(Task inputs Opens)

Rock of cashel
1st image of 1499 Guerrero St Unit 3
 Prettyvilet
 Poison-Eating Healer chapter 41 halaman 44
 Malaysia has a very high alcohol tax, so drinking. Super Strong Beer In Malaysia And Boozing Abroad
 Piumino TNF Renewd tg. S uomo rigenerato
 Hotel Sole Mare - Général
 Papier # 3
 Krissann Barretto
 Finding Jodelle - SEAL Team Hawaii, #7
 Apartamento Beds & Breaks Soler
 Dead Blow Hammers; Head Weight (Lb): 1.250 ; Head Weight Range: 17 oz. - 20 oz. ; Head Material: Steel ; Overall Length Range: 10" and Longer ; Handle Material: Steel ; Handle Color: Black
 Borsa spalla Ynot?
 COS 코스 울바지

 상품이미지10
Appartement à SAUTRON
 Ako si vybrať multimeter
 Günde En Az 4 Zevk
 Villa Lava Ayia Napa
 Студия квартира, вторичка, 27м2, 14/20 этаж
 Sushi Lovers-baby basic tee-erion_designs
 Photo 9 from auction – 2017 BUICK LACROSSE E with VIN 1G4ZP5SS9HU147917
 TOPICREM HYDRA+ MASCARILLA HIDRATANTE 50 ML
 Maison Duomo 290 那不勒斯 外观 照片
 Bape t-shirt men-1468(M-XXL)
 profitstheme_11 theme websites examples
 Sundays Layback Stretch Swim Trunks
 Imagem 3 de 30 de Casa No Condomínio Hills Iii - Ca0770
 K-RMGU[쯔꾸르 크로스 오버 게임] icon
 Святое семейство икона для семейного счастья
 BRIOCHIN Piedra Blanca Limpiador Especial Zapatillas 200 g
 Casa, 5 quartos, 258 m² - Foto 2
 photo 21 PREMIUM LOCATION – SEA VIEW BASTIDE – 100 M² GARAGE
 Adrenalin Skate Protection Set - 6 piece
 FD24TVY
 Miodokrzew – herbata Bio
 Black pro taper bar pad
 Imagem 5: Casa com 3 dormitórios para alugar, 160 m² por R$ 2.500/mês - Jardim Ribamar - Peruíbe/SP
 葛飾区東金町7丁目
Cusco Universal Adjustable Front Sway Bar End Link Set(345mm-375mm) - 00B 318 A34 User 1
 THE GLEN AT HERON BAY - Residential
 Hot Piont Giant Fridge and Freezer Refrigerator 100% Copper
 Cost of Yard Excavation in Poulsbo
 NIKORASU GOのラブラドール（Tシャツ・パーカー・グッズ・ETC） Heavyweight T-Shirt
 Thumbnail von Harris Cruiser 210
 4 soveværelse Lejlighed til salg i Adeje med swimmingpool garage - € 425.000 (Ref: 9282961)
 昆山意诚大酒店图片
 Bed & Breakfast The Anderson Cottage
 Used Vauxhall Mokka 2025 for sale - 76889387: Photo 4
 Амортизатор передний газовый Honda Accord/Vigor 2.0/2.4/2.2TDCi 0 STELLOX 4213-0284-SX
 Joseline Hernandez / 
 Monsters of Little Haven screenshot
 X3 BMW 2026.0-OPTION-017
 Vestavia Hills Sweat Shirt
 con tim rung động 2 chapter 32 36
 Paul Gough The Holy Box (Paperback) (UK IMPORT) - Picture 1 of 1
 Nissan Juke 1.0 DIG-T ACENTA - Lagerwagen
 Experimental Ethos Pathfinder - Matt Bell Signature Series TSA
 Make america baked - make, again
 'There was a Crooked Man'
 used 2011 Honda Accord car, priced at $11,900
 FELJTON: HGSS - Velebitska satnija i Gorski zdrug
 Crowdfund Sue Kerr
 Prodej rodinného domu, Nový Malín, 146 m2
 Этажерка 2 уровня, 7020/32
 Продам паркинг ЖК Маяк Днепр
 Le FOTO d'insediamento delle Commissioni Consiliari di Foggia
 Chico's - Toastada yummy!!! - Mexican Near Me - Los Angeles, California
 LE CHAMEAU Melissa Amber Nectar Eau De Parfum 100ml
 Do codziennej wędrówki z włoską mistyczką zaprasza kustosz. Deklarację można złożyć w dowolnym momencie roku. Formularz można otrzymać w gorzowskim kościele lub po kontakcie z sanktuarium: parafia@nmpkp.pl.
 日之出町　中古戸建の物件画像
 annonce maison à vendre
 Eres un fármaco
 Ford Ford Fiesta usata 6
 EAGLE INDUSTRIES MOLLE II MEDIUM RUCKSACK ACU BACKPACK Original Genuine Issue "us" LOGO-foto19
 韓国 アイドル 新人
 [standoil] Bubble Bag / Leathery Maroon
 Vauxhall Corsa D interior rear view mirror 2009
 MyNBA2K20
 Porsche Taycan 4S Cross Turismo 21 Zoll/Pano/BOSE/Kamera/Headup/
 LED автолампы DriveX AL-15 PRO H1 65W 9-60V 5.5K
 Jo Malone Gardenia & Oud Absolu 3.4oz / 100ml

(Task inputs Closes)

§ Work instructions
Could you reproduce every record exactly as shown above?

§ Written solution
Rock of cashel
1st image of 1499 Guerrero St Unit 3
 Prettyvilet
 Poison-Eating Healer chapter 41 halaman 44
 Malaysia has a very high alcohol tax, so drinking. Super Strong Beer In Malaysia And Boozing Abroad
 Piumino TNF Renewd tg. S uomo rigenerato
 Hotel Sole Mare - Général
 Papier # 3
 Krissann Barretto
 Finding Jodelle - SEAL Team Hawaii, #7
 Apartamento Beds & Breaks Soler
 Dead Blow Hammers; Head Weight (Lb): 1.250 ; Head Weight Range: 17 oz. - 20 oz. ; Head Material: Steel ; Overall Length Range: 10" and Longer ; Handle Material: Steel ; Handle Color: Black
 Borsa spalla Ynot?
 COS 코스 울바지

 상품이미지10
Appartement à SAUTRON
 Ako si vybrať multimeter
 Günde En Az 4 Zevk
 Villa Lava Ayia Napa
 Студия квартира, вторичка, 27м2, 14/20 этаж
 Sushi Lovers-baby basic tee-erion_designs
 Photo 9 from auction – 2017 BUICK LACROSSE E with VIN 1G4ZP5SS9HU147917
 TOPICREM HYDRA+ MASCARILLA HIDRATANTE 50 ML
 Maison Duomo 290 那不勒斯 外观 照片
 Bape t-shirt men-1468(M-XXL)
 profitstheme_11 theme websites examples
 Sundays Layback Stretch Swim Trunks
 Imagem 3 de 30 de Casa No Condomínio Hills Iii - Ca0770
 K-RMGU[쯔꾸르 크로스 오버 게임] icon
 Святое семейство икона для семейного счастья
 BRIOCHIN Piedra Blanca Limpiador Especial Zapatillas 200 g
 Casa, 5 quartos, 258 m² - Foto 2
 photo 21 PREMIUM LOCATION – SEA VIEW BASTIDE – 100 M² GARAGE
 Adrenalin Skate Protection Set - 6 piece
 FD24TVY
 Miodokrzew – herbata Bio
 Black pro taper bar pad
 Imagem 5: Casa com 3 dormitórios para alugar, 160 m² por R$ 2.500/mês - Jardim Ribamar - Peruíbe/SP
 葛飾区東金町7丁目
Cusco Universal Adjustable Front Sway Bar End Link Set(345mm-375mm) - 00B 318 A34 User 1
 THE GLEN AT HERON BAY - Residential
 Hot Piont Giant Fridge and Freezer Refrigerator 100% Copper
 Cost of Yard Excavation in Poulsbo
 NIKORASU GOのラブラドール（Tシャツ・パーカー・グッズ・ETC） Heavyweight T-Shirt
 Thumbnail von Harris Cruiser 210
 4 soveværelse Lejlighed til salg i Adeje med swimmingpool garage - € 425.000 (Ref: 9282961)
 昆山意诚大酒店图片
 Bed & Breakfast The Anderson Cottage
 Used Vauxhall Mokka 2025 for sale - 76889387: Photo 4
 Амортизатор передний газовый Honda Accord/Vigor 2.0/2.4/2.2TDCi 0 STELLOX 4213-0284-SX
 Joseline Hernandez / 
 Monsters of Little Haven screenshot
 X3 BMW 2026.0-OPTION-017
 Vestavia Hills Sweat Shirt
 con tim rung động 2 chapter 32 36
 Paul Gough The Holy Box (Paperback) (UK IMPORT) - Picture 1 of 1
 Nissan Juke 1.0 DIG-T ACENTA - Lagerwagen
 Experimental Ethos Pathfinder - Matt Bell Signature Series TSA
 Make america baked - make, again
 'There was a Crooked Man'
 used 2011 Honda Accord car, priced at $11,900
 FELJTON: HGSS - Velebitska satnija i Gorski zdrug
 Crowdfund Sue Kerr
 Prodej rodinného domu, Nový Malín, 146 m2
 Этажерка 2 уровня, 7020/32
 Продам паркинг ЖК Маяк Днепр
 Le FOTO d'insediamento delle Commissioni Consiliari di Foggia
 Chico's - Toastada yummy!!! - Mexican Near Me - Los Angeles, California
 LE CHAMEAU Melissa Amber Nectar Eau De Parfum 100ml
 Do codziennej wędrówki z włoską mistyczką zaprasza kustosz. Deklarację można złożyć w dowolnym momencie roku. Formularz można otrzymać w gorzowskim kościele lub po kontakcie z sanktuarium: parafia@nmpkp.pl.
 日之出町　中古戸建の物件画像
 annonce maison à vendre
 Eres un fármaco
 Ford Ford Fiesta usata 6
 EAGLE INDUSTRIES MOLLE II MEDIUM RUCKSACK ACU BACKPACK Original Genuine Issue "us" LOGO-foto19
 韓国 アイドル 新人
 [standoil] Bubble Bag / Leathery Maroon
 Vauxhall Corsa D interior rear view mirror 2009
 MyNBA2K20
 Porsche Taycan 4S Cross Turismo 21 Zoll/Pano/BOSE/Kamera/Headup/
 LED автолампы DriveX AL-15 PRO H1 65W 9-60V 5.5K
 Jo Malone Gardenia & Oud Absolu 3.4oz / 100ml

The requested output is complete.